Patrick Stobbs, cofounder and chief operating officer of AI music composer Jukedeck, doesn’t seem to believe in the divinity of creativity. Stobbs, a classically trained musician with a music degree from Cambridge, says: “Creativity comes down to immersing yourself in a field, assimilating the information of that world and recombining it in different ways.”
Musicians everywhere, he adds, learn by gaining a deep understanding of their field, breaking down patterns, analysing the effects of what they do, and perfecting and recombining to achieve an intended effect.
“That’s how we taught the AI music,” Stobbs explains. “It analyses large data sets of music, looks for patterns, infers the rules of composition and creates a set of probabilities and rules – such as, 70 per cent of the time, a piece of folk music starts on a tonic cord and, 80 per cent of the time, it ends on a perfect cadence. It then composes, but does not copy, based on these rules.”
And it’s improving and learning all the time. Jukedeck’s compositions from 2014 were received with derision but, by 2015, they were responded to favourably and, by 2016, were indistinguishable from that of a human being.
Jukedeck is capable of producing unique compositions in seconds, tailored to the mood, taste or genre selected by the user. They largely grace YouTube videos but have started being used by brands such as Sotheby’s and Coca- Cola ( in Mexico). The start-up has recently signed a deal with a major advertising network.
But there’s no need for creatives to panic. Not for the next 30 or 40 years, anyway, according to Stuart Waplington. He is chief executive of Happy Finish, a creative tech and content studio with its own “creative AI” division.
“At this point, AI algorithms are still not capable of solving unbounded problems. They cannot, for example, sit down with blank paper and produce copy for you. However, within certain parameters, an AI can solve problems better than a human being,” he says.
And it would be a mistake to think that the ideas and work coming from AI are purely sterile and derivative. “It’s not creative in a human sense, but it has its own otherworldly style,” Waplington says.
Still, creating “The Next Rembrandt” with the aid of AI for ING proved to Bas Korsten, creative partner at J Walter Thompson Amsterdam, that the human ability to think critically is still very much needed. “I’m not worried about losing my job any time soon,” he says. Creative collaborators The team at Happy Finish view their AI creations as collaborators. Assistants that make the impossible possible and improve the creative process.
“We use AI as a basis for personalising a campaign, for example, or we use it as a production tool or creative assistant,” Waplington says. “The best work from AI comes from when it is used collaboratively.”
Without AI, campaigns such as Dove’s “Perfect Mom” (see box) or “The Next Rembrandt” wouldn’t have been possible.
Perhaps a skilled impersonator of the great Dutch masters could have created “the next Rembrandt” based on experience, but the painting wouldn’t have held the same allure because it would have been created by a person who is not Rembrandt. AI is a tool and, by studying and assimilating Rembrandt’s work, it has, in a sense, taken in and recombined the soul of the artist.

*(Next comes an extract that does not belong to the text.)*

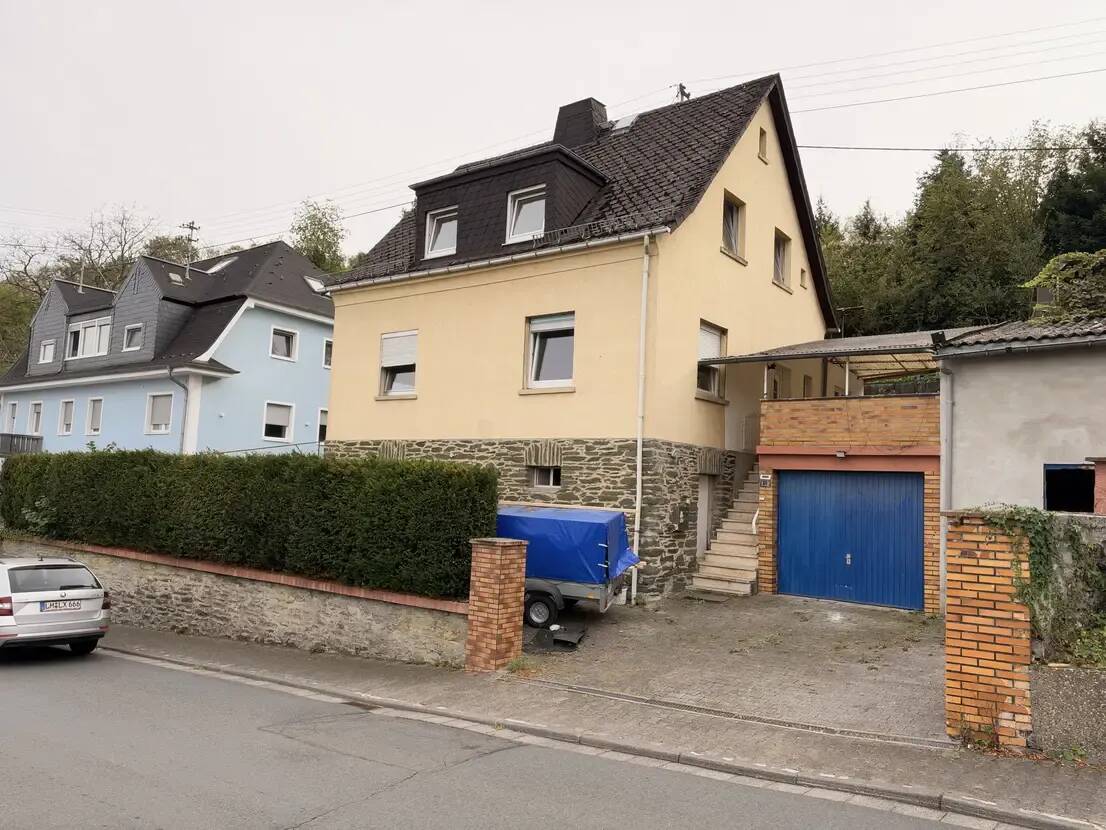 Älteres EFH mit Garten und Garage in zentraler Lage von Runkel, 65594 Runkel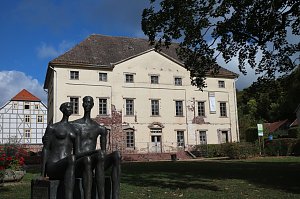 Ein Spiel aus Licht und Schatten - K&uuml;nstlerin Judith Rautenberg hat das alte Neust&auml;dter Herrenhaus als Hintergrund f&uuml;r ihr Kunstprojekt gew&auml;hlt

Korsten says: “All 80 billion pixels in the painting were Rembrandt pixels. All, at one time or another, painted by Rembrandt. We didn’t truly create something new – we recombined. We tried to get into his skin and his hands and create something he could have created.” Even McCann Worldgroup Japan’s “AI creative director” could not function without human beings. “It cannot direct everything from idea generation to editing,” Shun Matsuzaka, the creative planner behind AI-CD, admits. “It can only give the big creative direction at the very beginning, based on the client’s creative brief.”

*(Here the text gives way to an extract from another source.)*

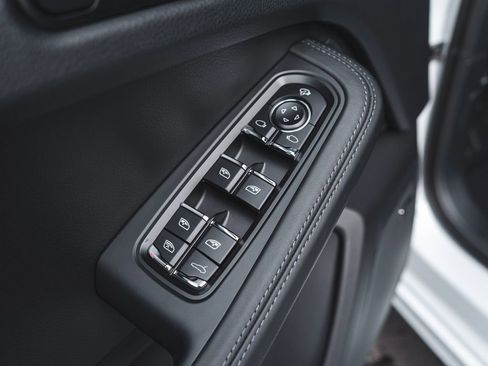 New 2026 Porsche Macan GTS image 31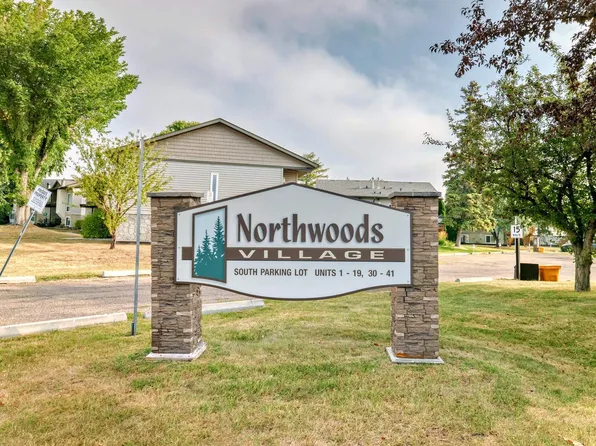 8 Northwoods Vlg NW, Edmonton, AB T5X 1T2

To translate the creative brief, clients were asked to fill in a specific form designed for the algorithm. A human creative team would then manage the production process based on the big idea provided by AI-CD.
While Korsten can’t envisage an AI creative, he can potentially see one as a creative director. “You could feed the machine everything and it could judge on effectiveness,” he says. “As a judging mechanic, I would be interested to see it in action.” Creativity adapting to AI Already, when it comes to online marketing, AI algorithms such as Albert by Adgorithms are capable of rapidly testing different creative combinations and optimising for effectiveness.
Courtney Connell, marketing director at Cosabella, an online lingerie company that has replaced its social marketing agency with Albert, says that the technology has completely changed her team’s creative process.
She explains: “Instead of giving the AI a set creative focus, we provide different elements. Albert then tests different copy with different photos and spends the first couple of weeks optimising. Once he’s optimised your campaigns, he’ll start to make his own.”
The hardest thing to grasp, Connell says, is that Albert doesn’t view people the way people do: “Humans are far more unsubtle.”
Take, for example, the backlash in China over targeted ads by BMW on WeChat two years ago. Some consumers were outraged at being judged “too poor” to view ads by BMW when the social platform rolled out the ads.
“I would say that humans contaminated the algorithm,” Connell comments. “Humans created those parameters and think they [made] the right decision.”
Albert, she continues, doesn’t base his targeting on anything so crude as demographics or income but “microreactions he notices about a person”, Connell says. “How they interact, what they are clicking on, what they engage with.”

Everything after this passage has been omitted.